■ Provided material ■
• • • • • • •

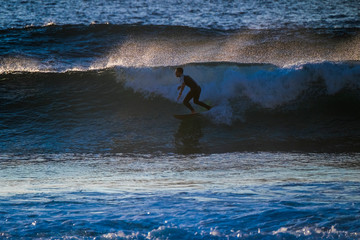 Surf boy athlete train and enjoy the power of the nature on the ocean waves do tricks. Youthful and happiness for alternative sport and lifestyle concept. Milennial people have fun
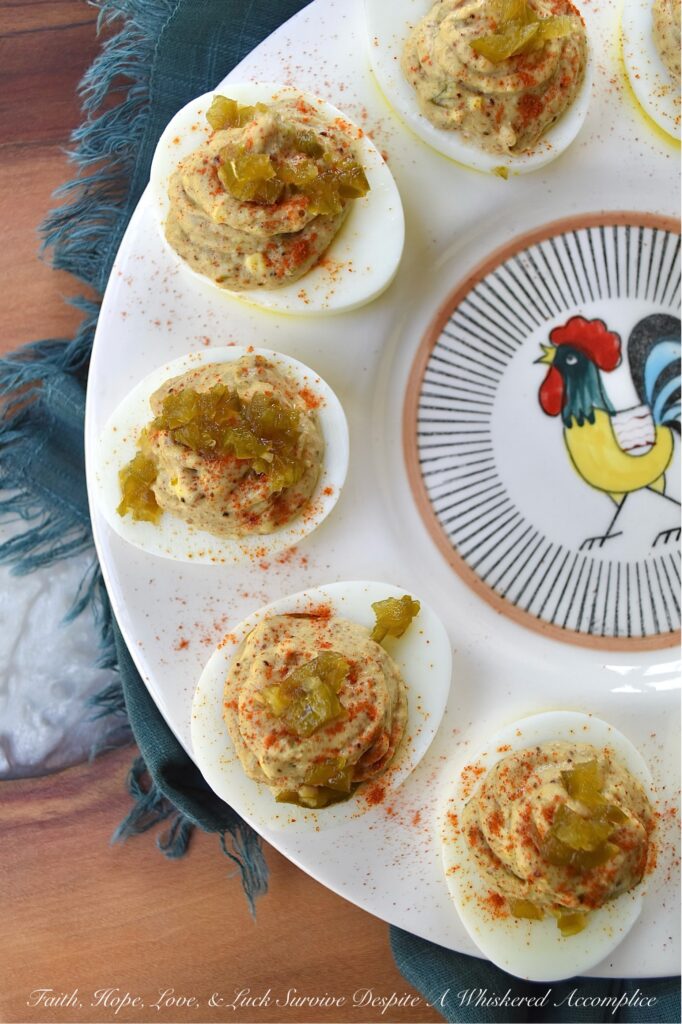 Candied Jalapeño Taco Seasoning Deviled Eggs - This kicked-up sweet and spicy deviled egg recipe is overflowing with a tremendously flavorful taco seasoning, ground cumin, and candied jalapeño filling. Garnished with a generous sprinkling of sweet paprika and more finely chopped candied jalapeños, these deviled eggs are almost impossible to resist. A little bit of taco seasoning goes a long way when it comes to this recipe. These deviled eggs, without a doubt, will become a frequently requested deviled egg appetizer for every party or barbeque you attend. They're so good, that you might want to just go ahead and make a double batch.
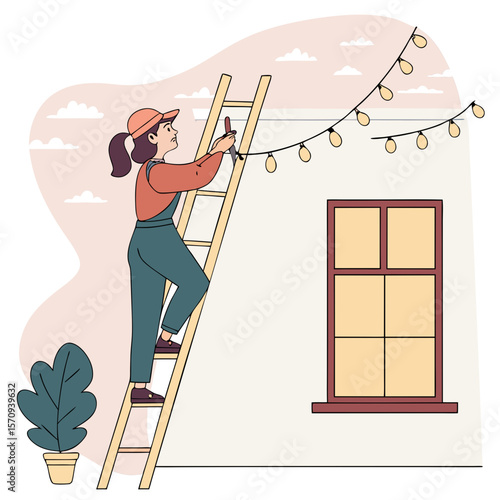 A woman on a ladder hanging string lights near a window with plant and clouds in the background outside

• • • • • • •

Pictures aside, reproduce all of the data exactly.

■ Your solution ■
 Surf boy athlete train and enjoy the power of the nature on the ocean waves do tricks. Youthful and happiness for alternative sport and lifestyle concept. Milennial people have fun
 Candied Jalapeño Taco Seasoning Deviled Eggs - This kicked-up sweet and spicy deviled egg recipe is overflowing with a tremendously flavorful taco seasoning, ground cumin, and candied jalapeño filling. Garnished with a generous sprinkling of sweet paprika and more finely chopped candied jalapeños, these deviled eggs are almost impossible to resist. A little bit of taco seasoning goes a long way when it comes to this recipe. These deviled eggs, without a doubt, will become a frequently requested deviled egg appetizer for every party or barbeque you attend. They're so good, that you might want to just go ahead and make a double batch.
 A woman on a ladder hanging string lights near a window with plant and clouds in the background outside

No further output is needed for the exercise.